On the statutory framework, the court pointed to Section 53 of the Indian Penal Code (corresponding to Section 4 of the Bharatiya Nyaya Sanhita), which delineates the contours of lawful punishment: death, imprisonment for life, rigorous or simple imprisonment, forfeiture of property, fine, and community service. Public parading, social media exposure, and head-shaving appear nowhere in that list. Any attempt by an investigating agency to impose or facilitate a form of punishment not recognised by statute must, the court held, be viewed with serious constitutional concern.
Directions Issued
Drawing on the directions already issued in Islam Khan and applying them to the present case, Justice Farjand Ali issued the following directions:
First, strict adherence shall be maintained to all prescribed Standard Operating Procedures. Any deviation or breach shall invite appropriate and proportionate action against erring police officials in accordance with law.
Second, no individual possessing an unblemished record and lacking serious criminal antecedents shall be subjected to public parading, disrobing, or any form of degrading treatment.

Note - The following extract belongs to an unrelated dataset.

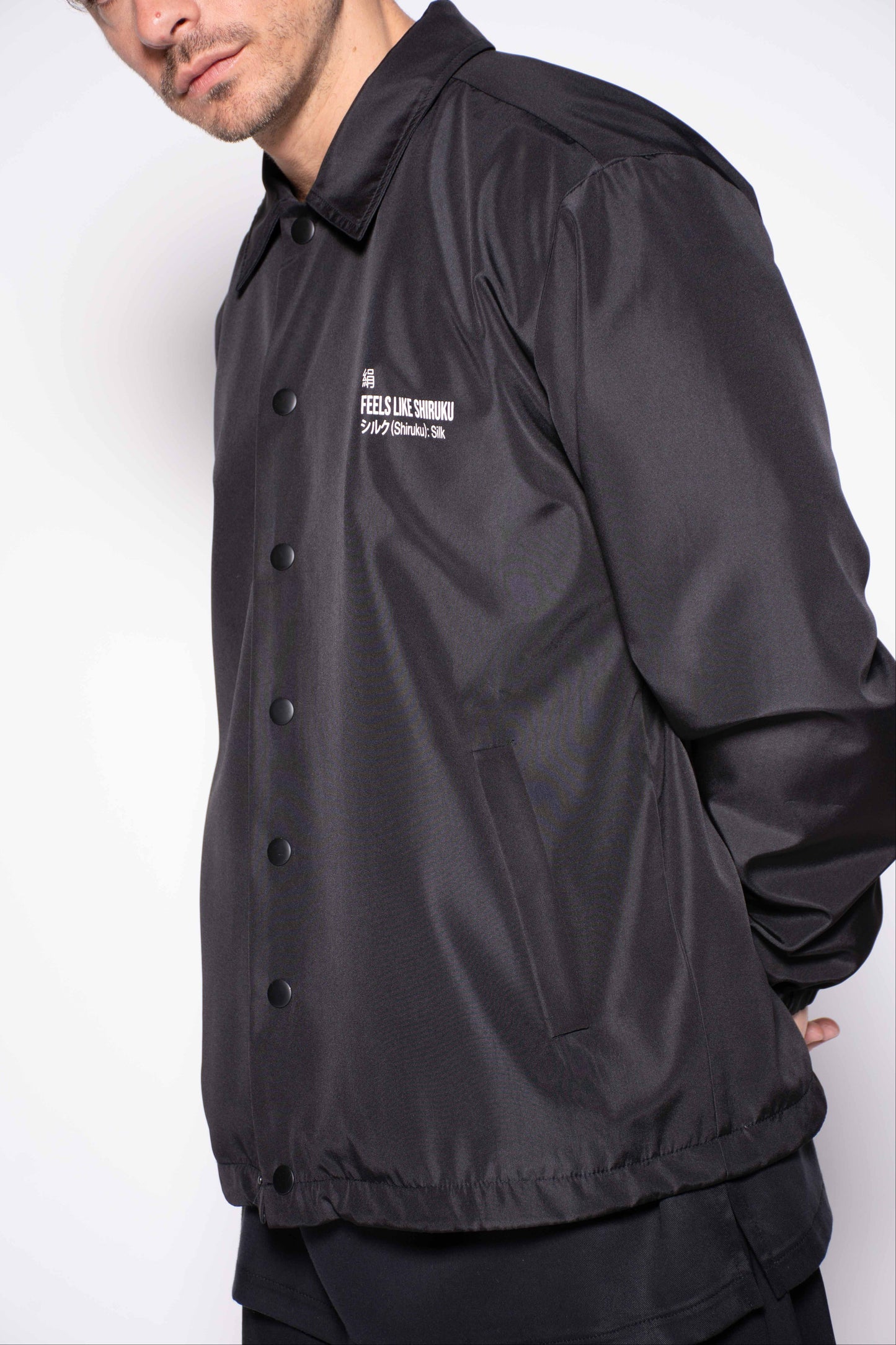 BLACK COACH JACKET X AB CHROMOSOME ARTIST DRAWING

Third, the court declared that any act of social media condemnation orchestrated or facilitated by police authorities resulting in public humiliation of an individual shall be construed as a form of punishment. Such punishment finds no sanction in law. Police officials are expressly prohibited from engaging in or abetting such practices, as they are not vested with the authority to impose punishment in any manner whatsoever.
Fourth, the guidelines shall be prominently displayed at all police stations and on the official web portals of the Police Department, including the websites of the Director General of Police and the Home Department, in the form of clear “Do's and Don'ts,” with reference to the present order, to ensure public awareness of rights and institutional accountability.
Fifth, the basic human rights of every arrestee, as well as of any individual entering a police station with a grievance, shall be scrupulously respected. No person shall be subjected to misbehaviour, mishandling, manhandling, harassment, or any form of coercion under any circumstances.
Outcome
The Superintendent of Police, Nagaur, who appeared in person, assured the court that due care and caution would be exercised by the police machinery to ensure no such incident is repeated and that the dignity of individuals in custody would be preserved in its true constitutional spirit. The police authorities submitted that there was no deliberate or malafide intention to malign the petitioner and that the photographs which surfaced on social media were not circulated with any oblique motive on the part of the department.
Taking into consideration the explanation tendered and the assurance extended before the court, Justice Farjand Ali refrained, for the present, from proceeding further against the officials concerned. The writ petition was disposed of. Liberty was reserved in favour of the petitioner to avail appropriate remedies available under law, including instituting proceedings for damages, compensation, or personal injury. The stay petition and all pending applications were also disposed of.